PROMPT: Reproduce the records below exactly, but only between the lines holding "Beautiful Good Luck" and "Gym Clothing Workout", inclusive.

PROVIDED INFORMATION:
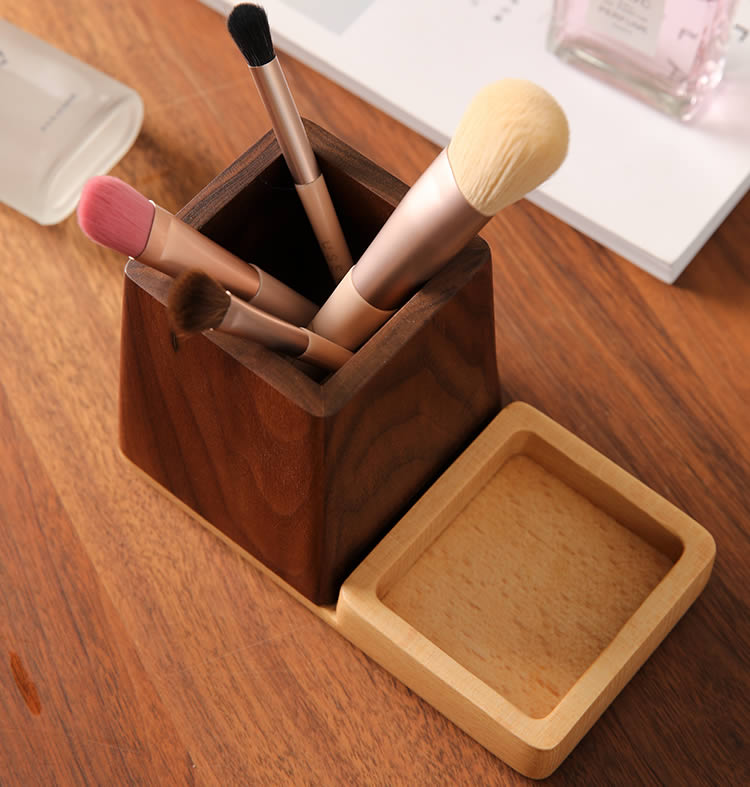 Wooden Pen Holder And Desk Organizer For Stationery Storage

--

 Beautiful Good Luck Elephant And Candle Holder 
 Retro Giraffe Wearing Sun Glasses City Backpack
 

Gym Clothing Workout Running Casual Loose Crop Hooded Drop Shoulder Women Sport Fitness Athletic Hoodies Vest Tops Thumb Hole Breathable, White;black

==

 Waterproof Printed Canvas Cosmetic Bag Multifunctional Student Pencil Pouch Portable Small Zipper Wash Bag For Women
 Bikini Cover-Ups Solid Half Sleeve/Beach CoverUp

RESPONSE TO THIS EXERCISE:
 Beautiful Good Luck Elephant And Candle Holder 
 Retro Giraffe Wearing Sun Glasses City Backpack
 

Gym Clothing Workout Running Casual Loose Crop Hooded Drop Shoulder Women Sport Fitness Athletic Hoodies Vest Tops Thumb Hole Breathable, White;black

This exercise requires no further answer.